Recovery teams have found 24 bodies in the charred ruins of an Oakland, California loft building after a fire broke out during a weekend dance party, and the death toll is expected to rise, authorities said on Sunday.
Sergeant Ray Kelly, a spokesman for the Alameda County Sheriff’s Office, said two dozen bodies were located as authorities sifted through the debris-filled shell of the two-story building, which was used by an artists’ collective. He told a press briefing that the death toll would likely rise in what fire officials called the deadliest blaze in the city’s history. He said the names of the victims would be released “in the coming hours” after their families were notified.
“In regards to the amount of people that are still missing, yes, it’s a significant number, Kelly said. “We’ve given you a number of 24,” he said, referring to the dead. “That number will go up.”
Only 20 percent of the building had been searched in the past 12 hours, said Melinda Drayton, battalion chief at the Oakland Fire Department. She said the origin of the fire had yet to be determined and the cause was still unknown. Firefighters have gone through the building searching the debris, “bucket by bucket,” Drayton said.
Many of the victims were believed to be in their 20s and 30s, and the fire sent ripples of anxiety through the Bay Area’s large art and music community. “I am still in disbelief, but I hope my friends who were in the Oakland Ghost Ship fire and are still unaccounted for are okay,” Joanna Blanche Lioce, a bartender at Bottom of the Hill, a popular music venue in San Francisco, wrote on Facebook.
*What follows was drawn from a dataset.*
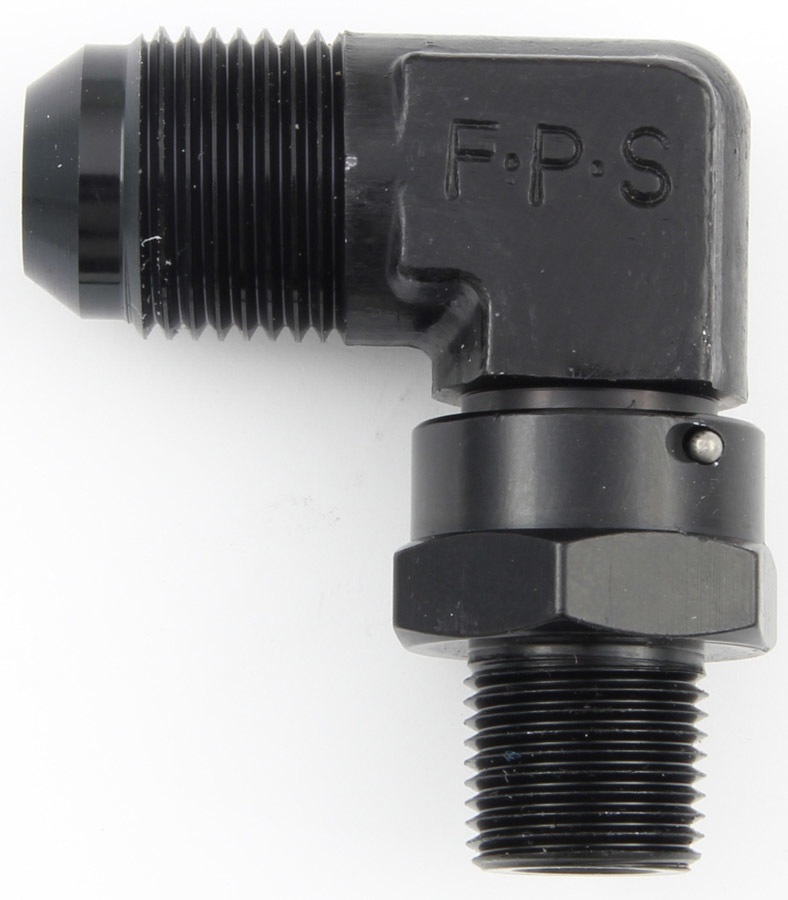 [FRG499107-BL] Fragola - #8 x 1/4 Mpt 90 Deg Swivel Adapter Black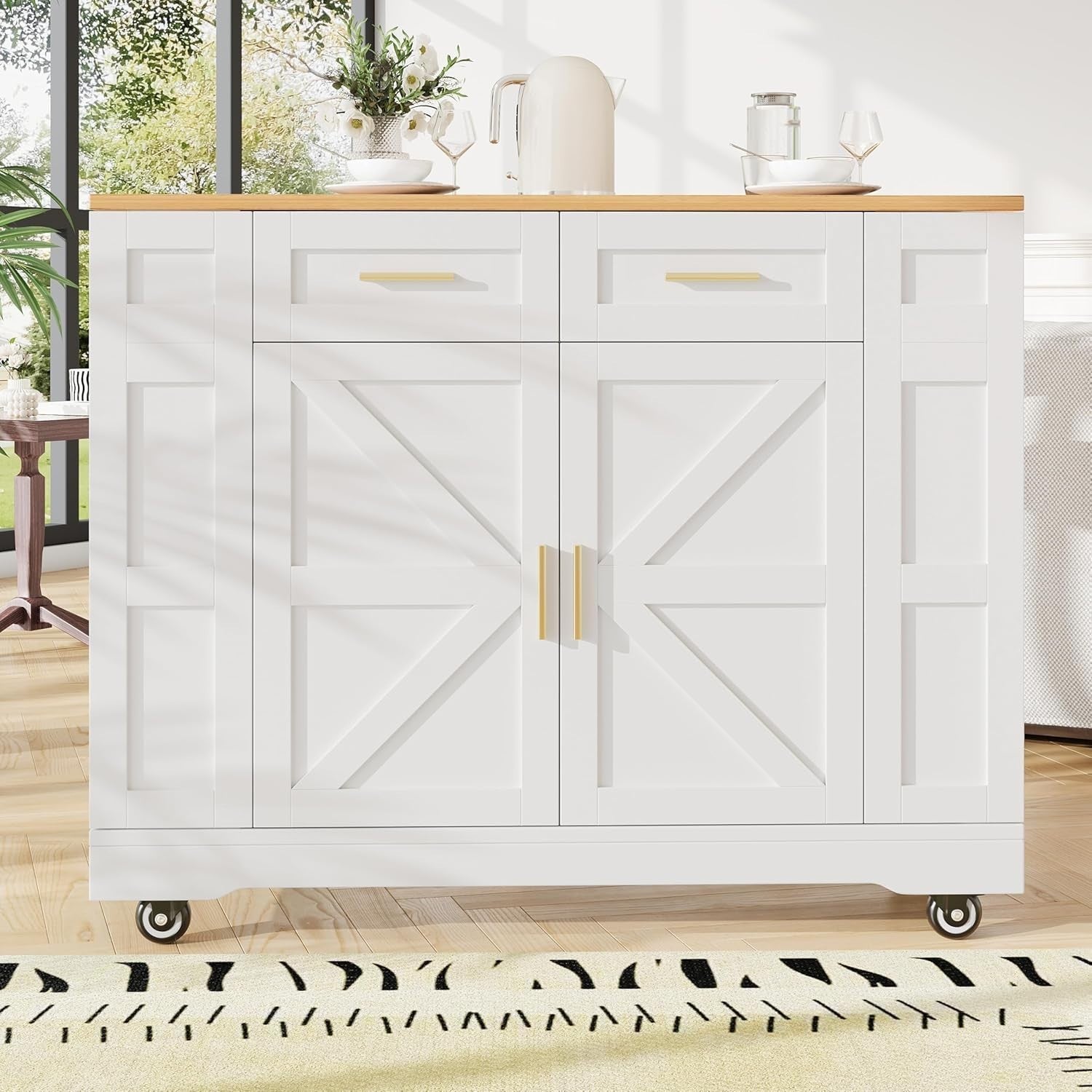 Kitchen Island on Wheels with Foldable Worktop, Drawers & Dual Storage Racks - Kwikley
Authorities said on Saturday that nine bodies were initially discovered inside the shell of the structure and that about 25 people were believed to be missing. On Sunday, officials did not provide a specific number of people who were still missing. The fire erupted at about 11:30 pm PST on Friday (0730 GMT Saturday) during the party featuring electronic dance music that dozens of people attended.
The recovery operation and investigation into how the blaze started had been delayed for hours until workers could enter safely on Saturday evening. The roof had collapsed into the second floor and in some spots, the second story had fallen into the first.
Authorities said they did not suspect arson, but investigators want to find out if the building, which was partitioned into artists’ studios, had a history of code violations.
The party was taking place on the second floor of the building, which had just two exits, officials said. There was no evidence of any smoke detectors or sprinklers, officials said.
The city had received complaints about construction without permits at the building and opened an investigation, but an inspector failed to gain access on Nov. 7, and the inquiry remained open, Darin Ranelletti, the city’s buildings and planning chief, said on Saturday.
Mayor Libby Schaaf said the building was designated for use as a warehouse only. Ranelletti said the city was aware of reports that people were living there, but no permits had been issued for that purpose. It was unclear, he said, whether special permits would be needed for the artists who had worked inside.